It is also known as Bywaters' syndrome. Crush syndrome was first described by Bywaters in the British Medical Journal in 1941 after the London Blitz.
- Crush injury can follow prolonged continuous pressure on muscle tissue. Crush injury can lead to crush syndrome.
- Ischaemia reperfusion (when the pressure is released from the crushed limb) is the main mechanism of muscle injury in crush syndrome. There is traumatic rhabdomyolysis.
- Muscle injury causes large quantities of potassium, phosphate, myoglobin, creatine kinase and urate to leak into the circulation.
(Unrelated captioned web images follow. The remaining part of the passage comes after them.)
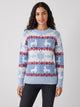 Women's Fair Isle Reindeer Christmas Jumper in light blue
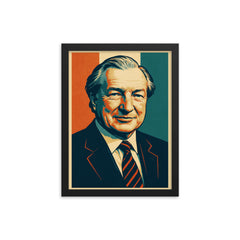 Charles Haughey framed print on a plain backdrop in size 12"x16".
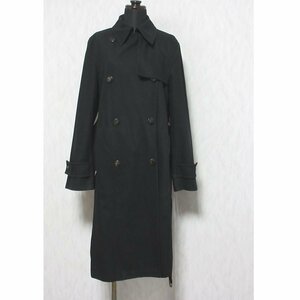 良品 Max Mara RAINWEAR マックスマーラ ロング丈 ダブルブレスト ベルテッド トレンチコート 38 ブラック ◆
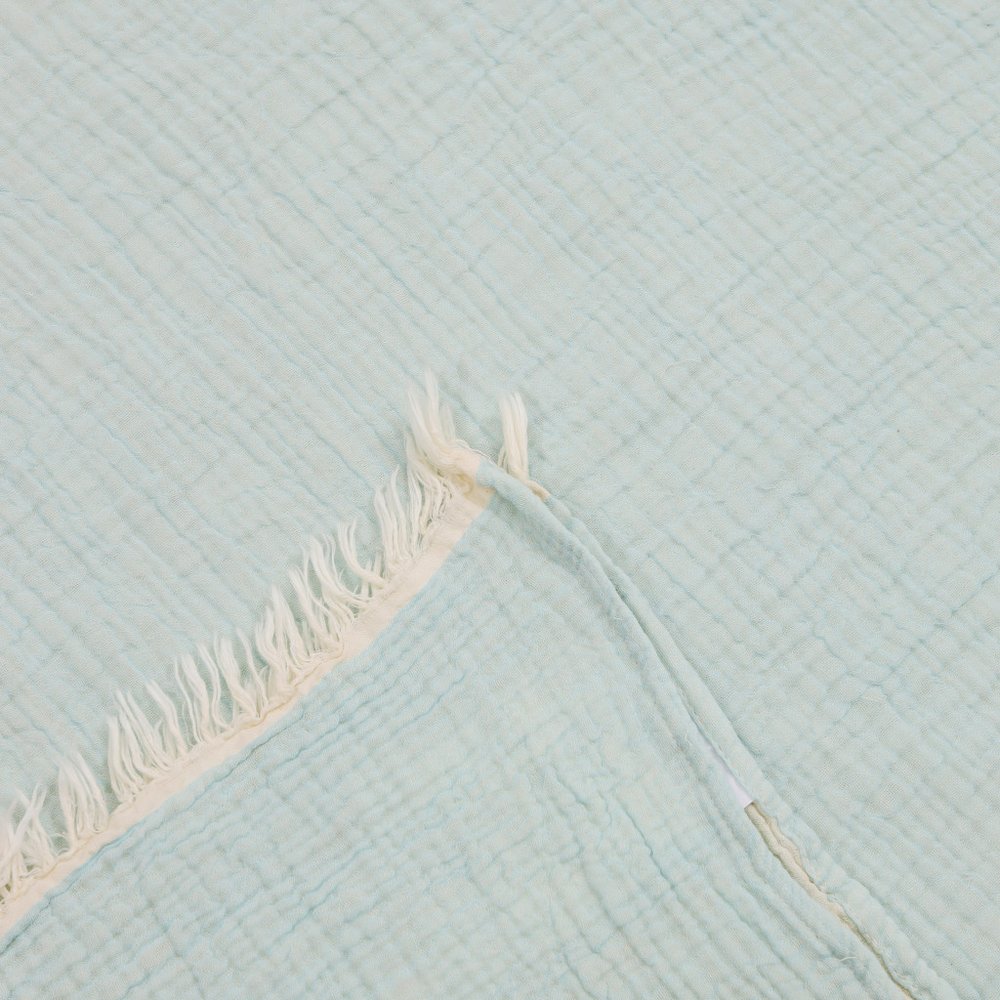 47" X 60" Aqua Cotton Woven Turkish Towel Throw Blanket with Fringe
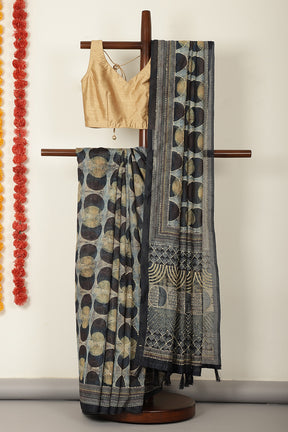 Black & Navy Cotton Block Printed Saree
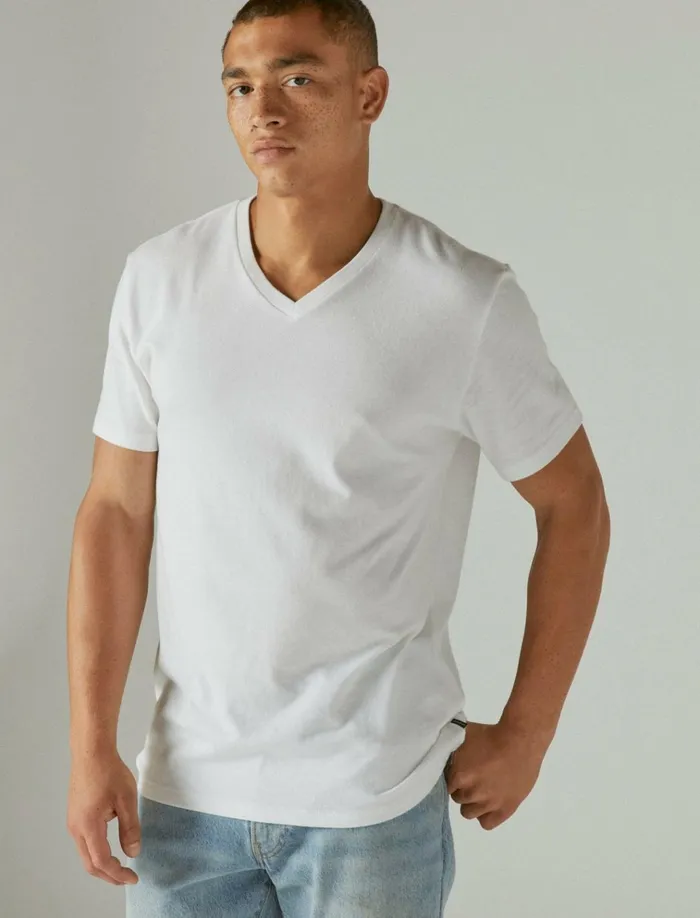Venice Burnout VeeNeck Tee Bright White Men Lucky Brand Shirts and Tops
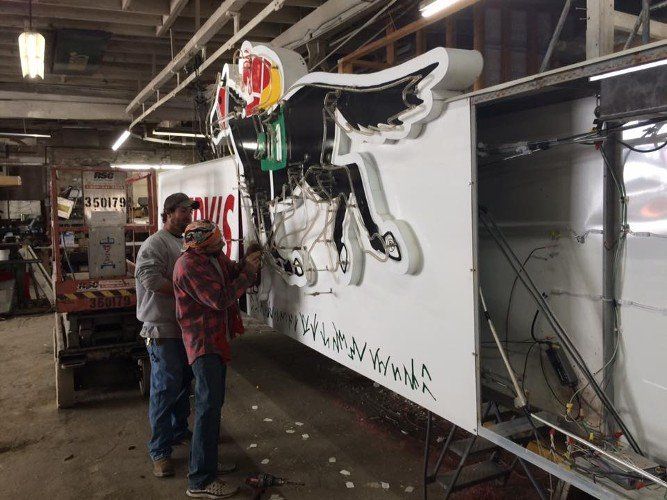 Horse Logo Neon Sign Installation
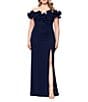 Xscape Plus Size Scuba Crepe Ruffle Off The Shoulder Neck Ruched Gown, Color:Navy - Image 3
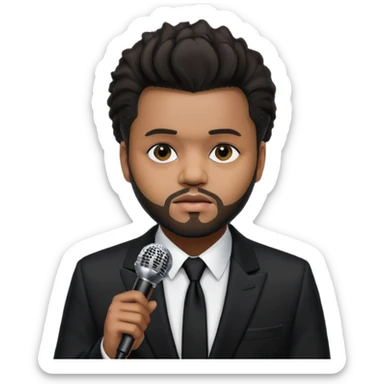 The weeknd holding microphone sticker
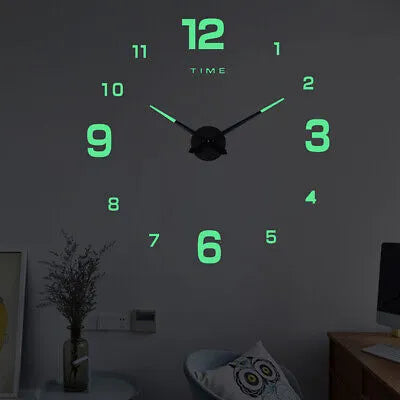 3D Wooden Numbers Wall Clock – Glow in the Dark 🌙🕰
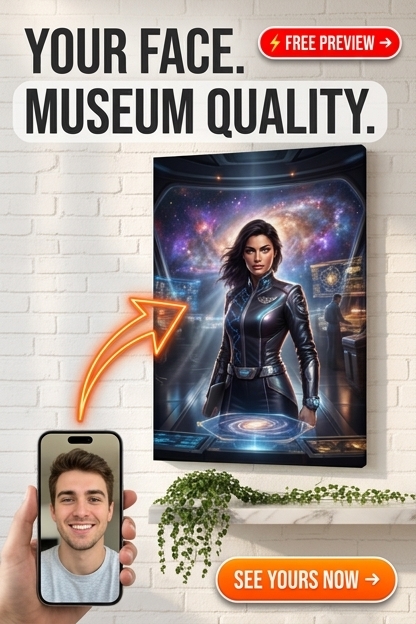 Custom Sci-Fi Man Portrait — Heroic Space Commander Canvas
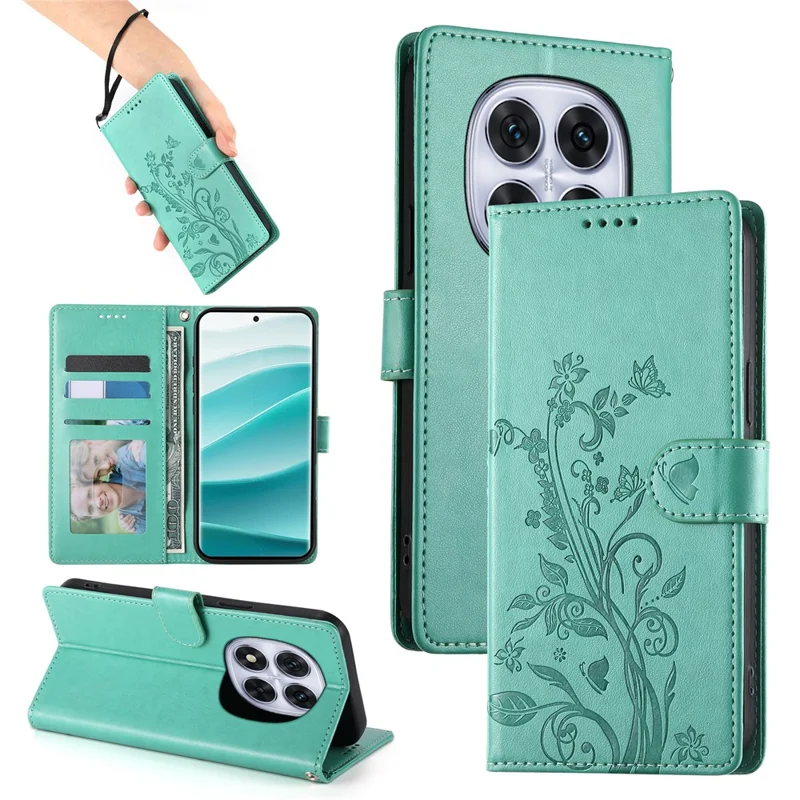 For Xiaomi Redmi Note 14 Pro 4G Wallet Case Butterfly Floral Imprint PU Leather Phone Cover with Wrist Strap - Green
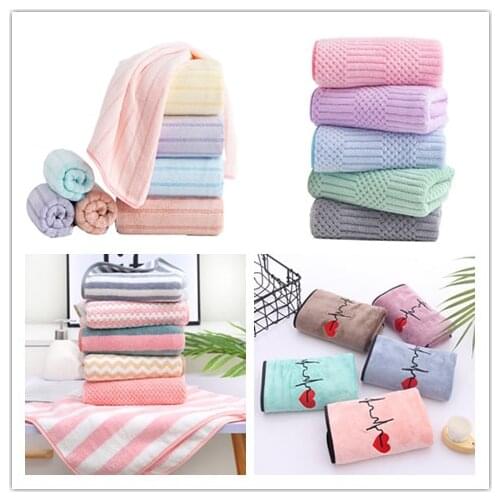 5Pcs Coral Fleece Face Towel 35*75cm Bathroom Home Towels for Kitchen Thicker Quick Dry Cloth for Cleaning Absorbent Towel Gift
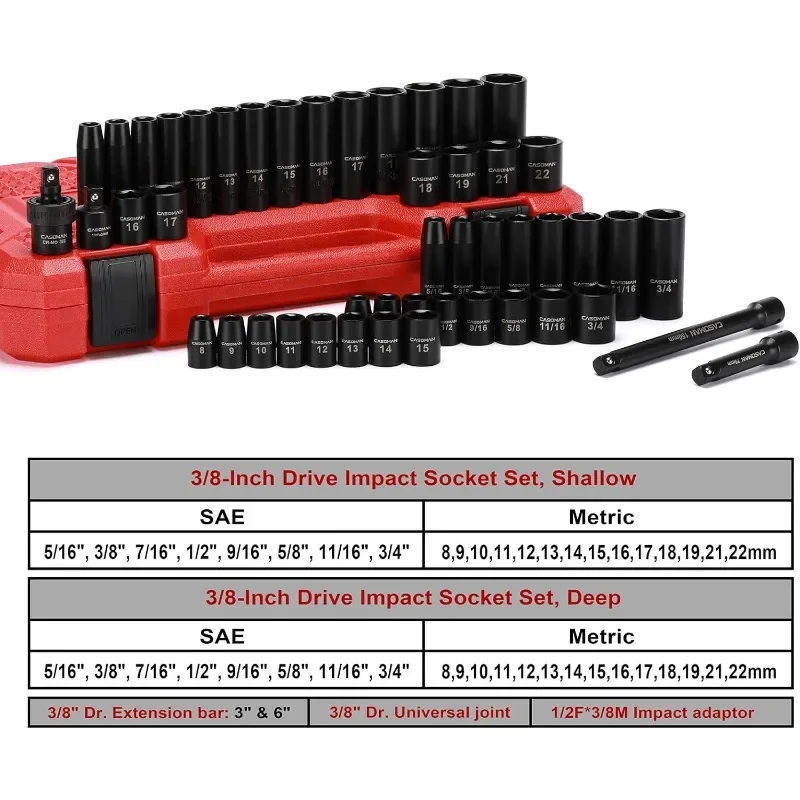 Imagem -02 - Conjunto de Soquetes de Impacto Xmsj Sae Padrão e Tamanhos Métricos 16 a a 22 mm 48 Unidades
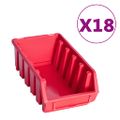 vidaXL 103-dielna sada úložných košov a nástenné panely červeno-čierna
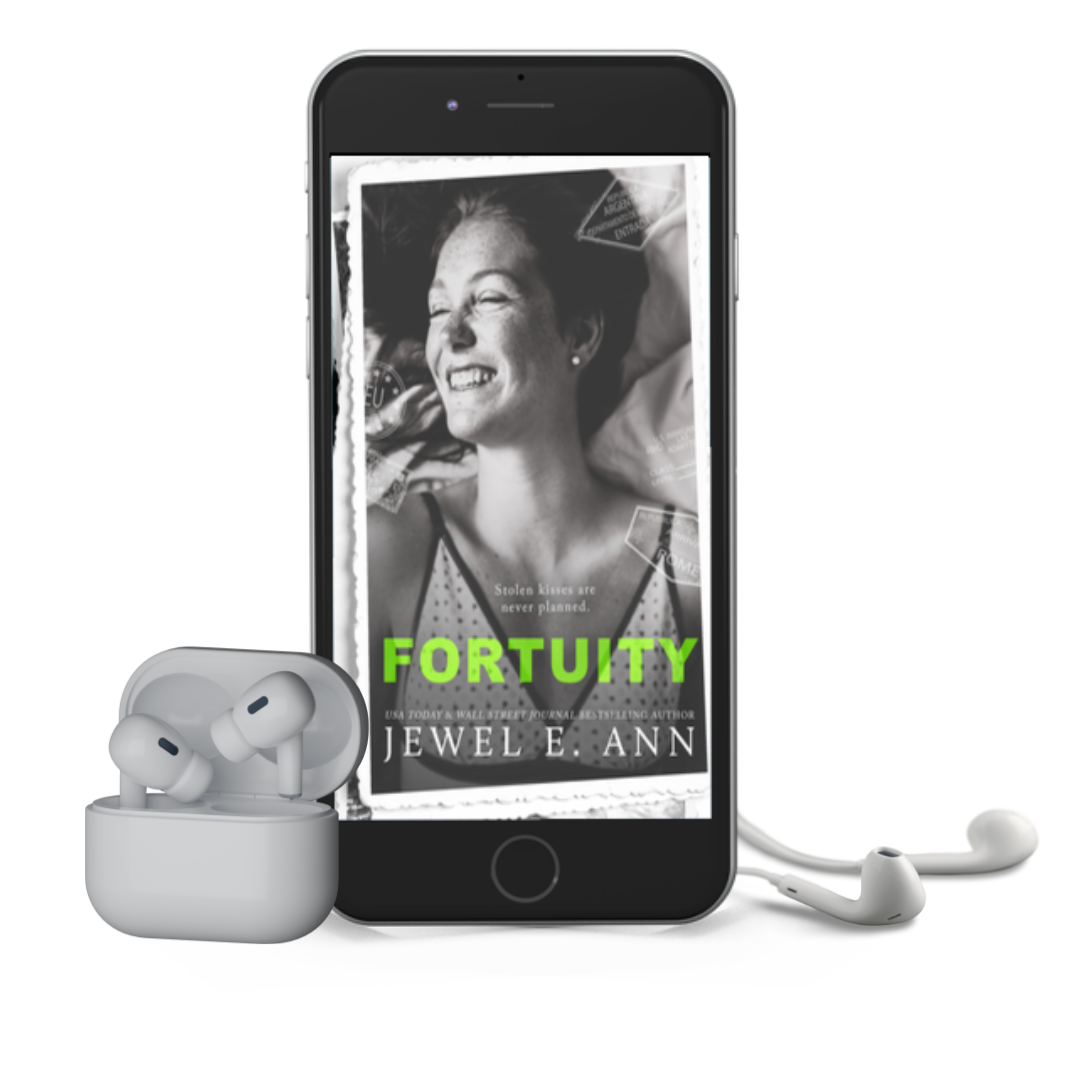 Phone and earbud mockup up of a cover of Fortuity by Jewel E. Ann a contemporary romance audiobook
- Myoglobin levels in the plasma are normally very low. If a significant amount of skeletal muscle is damaged (>100 g),excess myoglobin is filtered by the kidneys and can cause renal tubular obstruction and renal damage: the excess myoglobin is nephrotoxic.
- Intravascular volume depletion and renal hypoperfusion, combined with myoglobinuria, result in renal dysfunction.
Crush syndrome is characterised by:
- Hypovolaemic shock (due to sequestration of water in the injured muscle cells).
- Hyperkalaemia (release of cellular potassium by the injured muscle cells).
This can also lead to:
- Metabolic acidosis (release of cellular phosphate and sulphate by the injured muscle cells).
- Acute kidney injury.
- Disseminated intravascular coagulation (DIC).
Crush syndrome has been described in numerous settings, most commonly after earthquakes, during war and after explosions that have caused buildings to collapse. It is also seen following industrial accidents, such as those occurring in mining and after road traffic accidents. The incidence of crush syndrome has been reported as 2% to 15% in all trauma patients and it can be as high as 30% in earthquake victims.
The key clinical features of crush syndrome are:
- Crushing injury to a large mass of skeletal muscle.
- Sensory and motor disturbances in the compressed limbs, which subsequently become tense and swollen. The limb/body part may be pulseless.
- Myoglobinuria and/or haemoglobinuria, which may make the urine tea-coloured quite early on.
- There may be oliguria with profound hypovolaemic shock.
- Nausea, vomiting, confusion and agitation may occur as consequences of disturbed body chemistry; urea, creatinine, uric acid, potassium, phosphate and creatine kinase are elevated. There may also be hypocalcaemia.
- Check for safety of self and others.
- The patient must be assessed in keeping with the usual criteria for assessing a severely injured person.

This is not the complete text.